A Dynamic View of Molecular Switch Behavior at Serotonin Receptors: Implications for Functional Selectivity

Functional selectivity is a property of G protein-coupled receptors that allows them to preferentially couple to particular signaling partners upon binding of biased agonists. Publication of the X-ray crystal structure of serotonergic 5-HT(1B) and 5-HT(2B) receptors in complex with ergotamine, a drug capable of activating G protein coupling and β-arrestin signaling at the 5-HT(1B) receptor but clearly favoring β-arrestin over G protein coupling at the 5-HT(2B) subtype, has recently provided structural insight into this phenomenon. In particular, these structures highlight the importance of specific residues, also called micro-switches, for differential receptor activation. In our work, we apply classical molecular dynamics simulations and enhanced sampling approaches to analyze the behavior of these micro-switches and their impact on the stabilization of particular receptor conformational states. Our analysis shows that differences in the conformational freedom of helix 6 between both receptors could explain their different G protein-coupling capacity. In particular, as compared to the 5-HT(1B) receptor, helix 6 movement in the 5-HT(2B) receptor can be constrained by two different mechanisms.
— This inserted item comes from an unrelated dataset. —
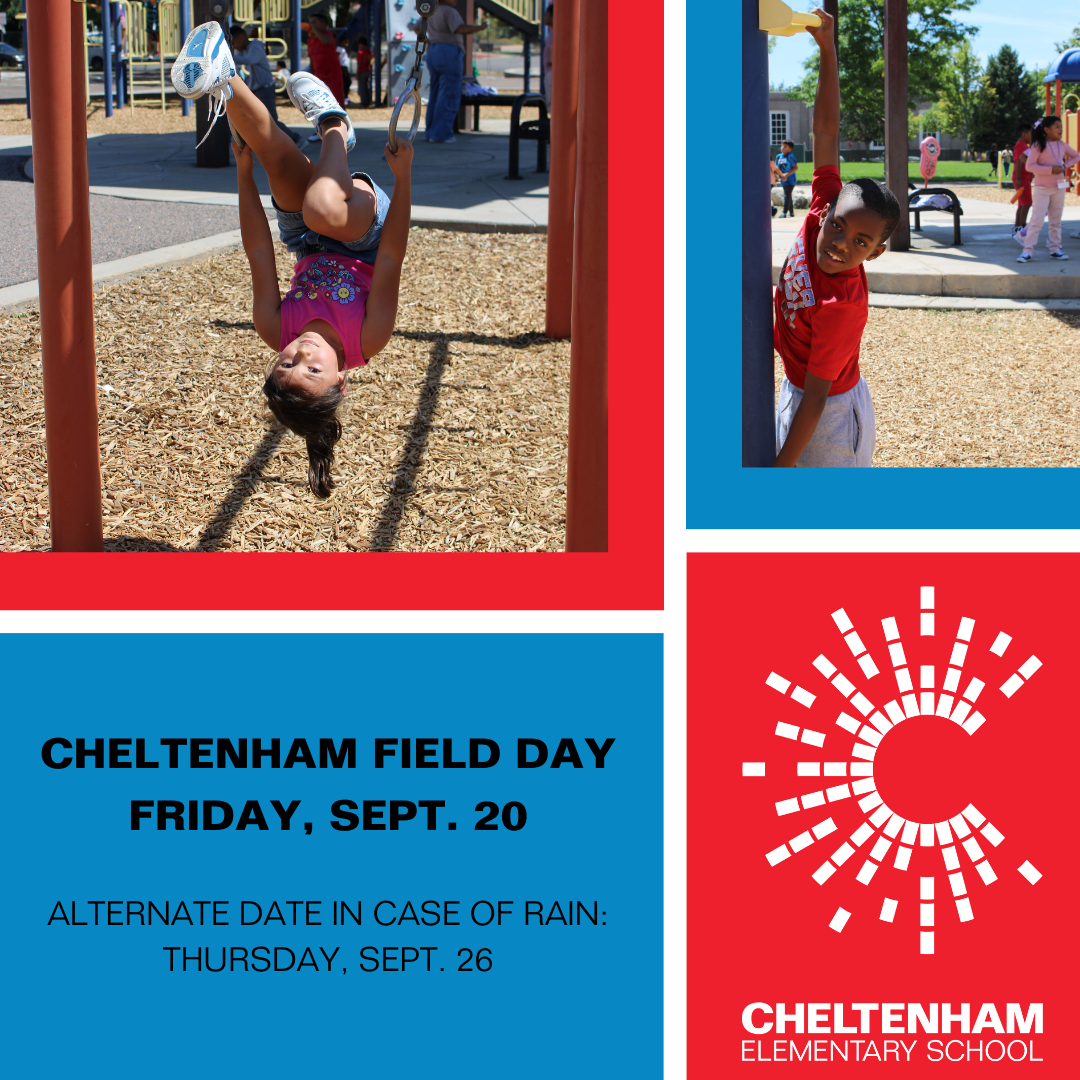 Field Day | Friday, Sept. 20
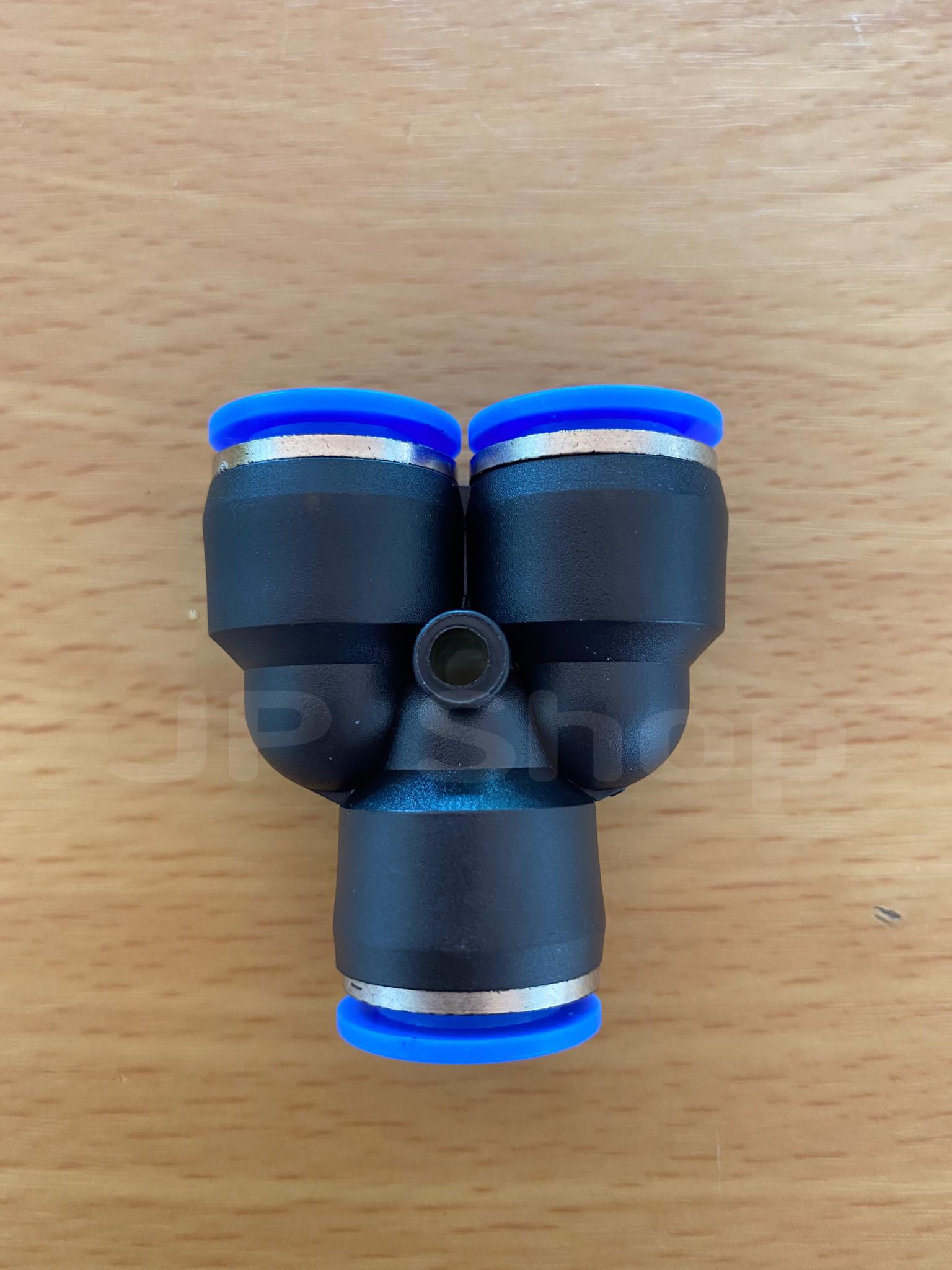 ข้อต่อลม3ทางวาย ข้อต่อลม PY-12 ฟิตติ้งเมติกส์แบบสามทางตัวY ขนาด12มม. ใช้ต่อกับสายลม12มม. #0412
On the one hand, an anchoring effect of ergotamine, which shows an increased capacity to interact with the extracellular part of helices 5 and 6 and stabilize them, hinders activation of a hydrophobic connector region at the center of the receptor. On the other hand, this connector region in an inactive conformation is further stabilized by unconserved contacts extending to the intracellular part of the 5-HT(2B) receptor, which hamper opening of the G protein binding site. This work highlights the importance of considering receptor capacity to adopt different conformational states from a dynamic perspective in order to underpin the structural basis of functional selectivity.